Exercise goal: Return only the lines of the data below from the line with "Miniklere hikaye kitabı götürdüler" up to and including the line with "Mənzil 86 m²", exactly as written, with the pictures omitted.

Source data:
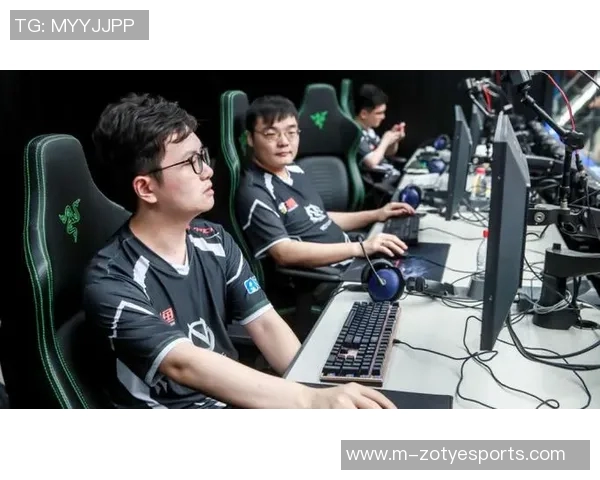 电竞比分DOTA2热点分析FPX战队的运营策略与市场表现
--
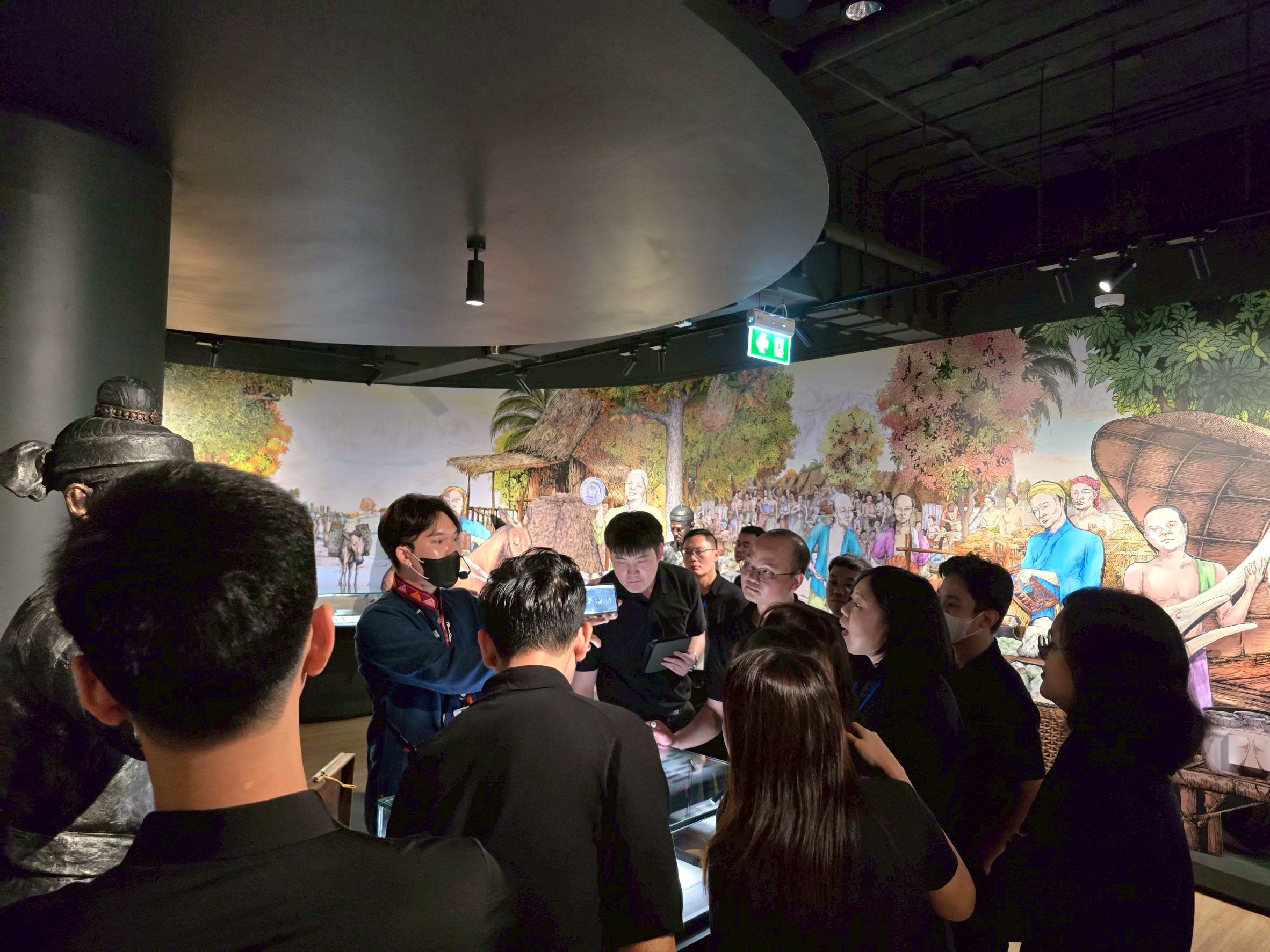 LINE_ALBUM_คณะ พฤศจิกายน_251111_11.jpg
* * *
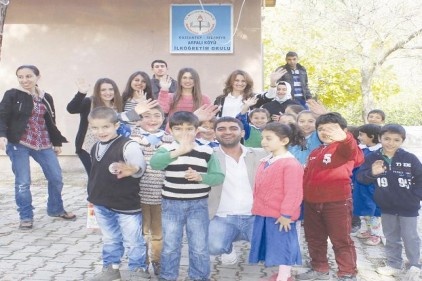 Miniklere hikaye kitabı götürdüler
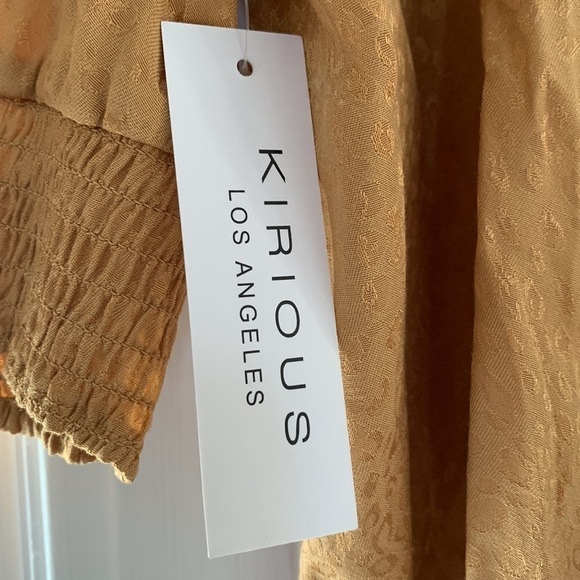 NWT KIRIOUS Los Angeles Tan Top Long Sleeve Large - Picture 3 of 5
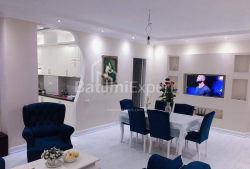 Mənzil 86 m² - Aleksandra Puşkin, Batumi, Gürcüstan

Exercise solution:
 Miniklere hikaye kitabı götürdüler
 NWT KIRIOUS Los Angeles Tan Top Long Sleeve Large - Picture 3 of 5
 Mənzil 86 m² - Aleksandra Puşkin, Batumi, Gürcüstan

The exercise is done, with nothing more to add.